Collections.emptyList().spliterator() is not ORDERED

Paul Sandoz paul.sandoz at
Mon Sep 7 08:45:50 UTC 2015

Hi Tagir,

Well spotted. We made an exception when the spliterator covers no elements:

I thought i could get away solely with a specification change to allow reuse of an empty spliterator implementation. But, as you show it pops up in certain cases that aggregate two or more streams. In hindsight i somewhat regret this decision as it makes general processing more difficult :-(

In this case we should fix Stream.concat to check if a spliterator reporting SIZED is empty, which will allow us to optimize the concatenation [1].


P.S. I still have a bunch of your stuff in my queue to process, sorry it’s taking so long,i will get to them in the next couple of weeks, but i need to process some other stuff first.
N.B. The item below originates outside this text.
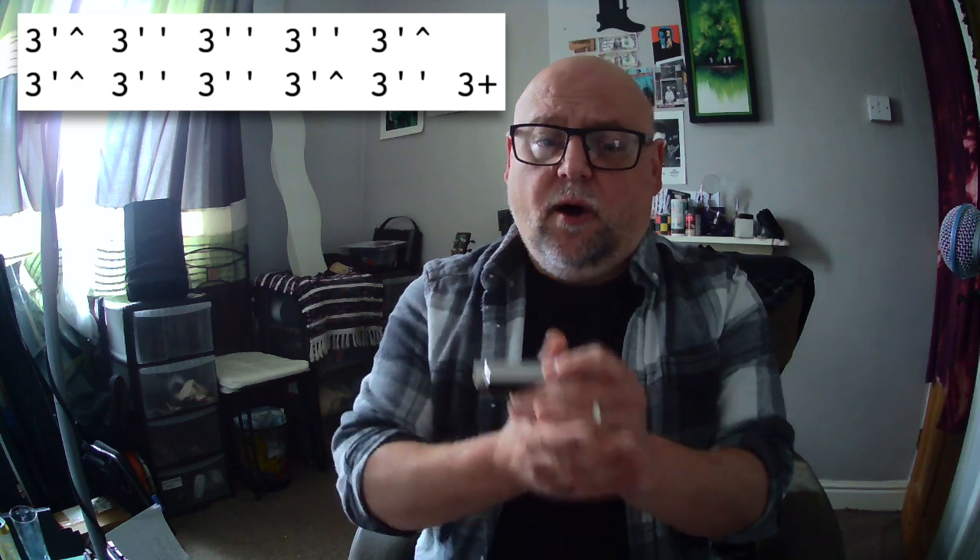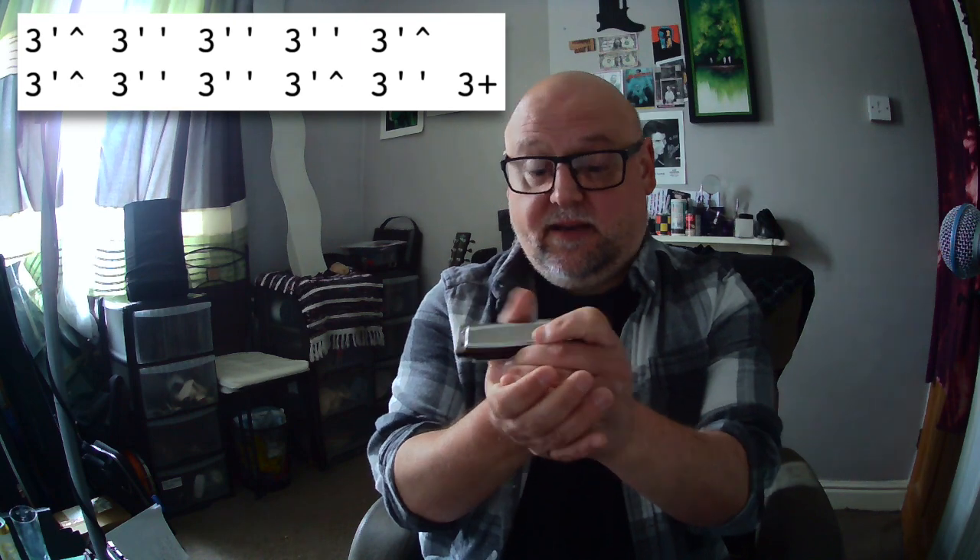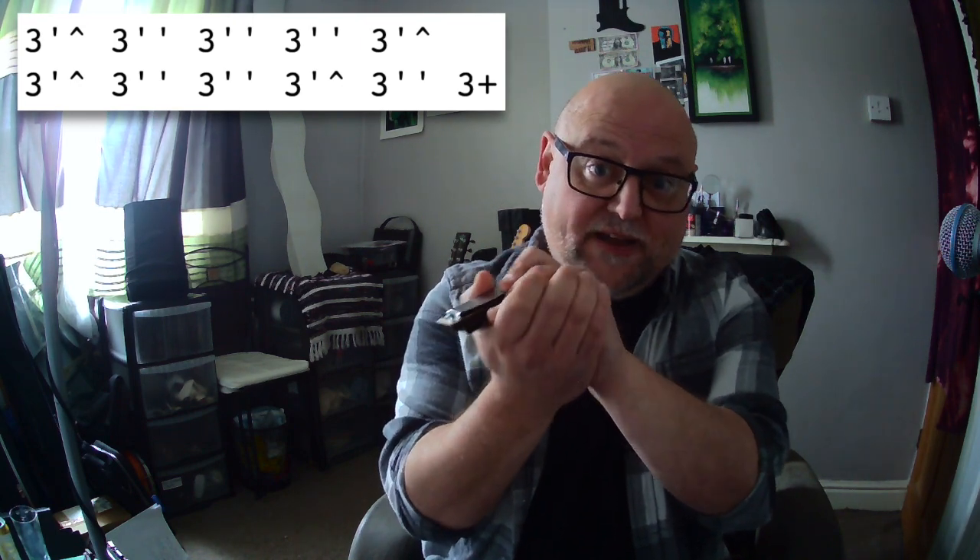So what can I tell you about it? Obviously the hand wah comes in really handy here. You can get some really nice sounds — it sounds like Charlie Brown's teacher or the grown-ups in Charlie Brown. So make good use of your hands. Working on getting a decent, effectively sealed cup is tricky, but you can get there.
On 6 Sep 2015, at 12:21, Tagir F. Valeev <amaembo at> wrote:

> Hello!
> As Paul Sandoz pointed out in the "Custom spliterator for
> Collections.nCopies(n, obj).stream()" discussion, the
> List.spliterator() is specified to be ORDERED. However
> Collections.emptyList().spliterator() violates this specification:
> System.out.println(Collections.emptyList()
>  .spliterator().hasCharacteristics(Spliterator.ORDERED));
> // prints false
> This becomes critical if I want to concatenate streams from the two
> lists returned from two different methods (one of which returned
> emptyList) and process the result in parallel. For example:
> List<Integer> list1 = IntStream.range(0, 100).boxed().collect(Collectors.toList());
> List<Integer> list2 = Collections.emptyList();
> System.out.println(Stream
>      .concat(,
>      .filter(x -> x >= 0).limit(10).collect(Collectors.toList()));
> This code unexpectedly prints some random subset. This can be fixed by
> replacing list2 with
> List<Integer> list2 = Arrays.asList();
> As Arrays.asList().spliterator() is ordered, the resulting stream is
> ordered as well, so we see [0, ..., 9] as expected.
> Looks like a bug in emptyList() implementation.
> With best regards,
> Tagir Valeev.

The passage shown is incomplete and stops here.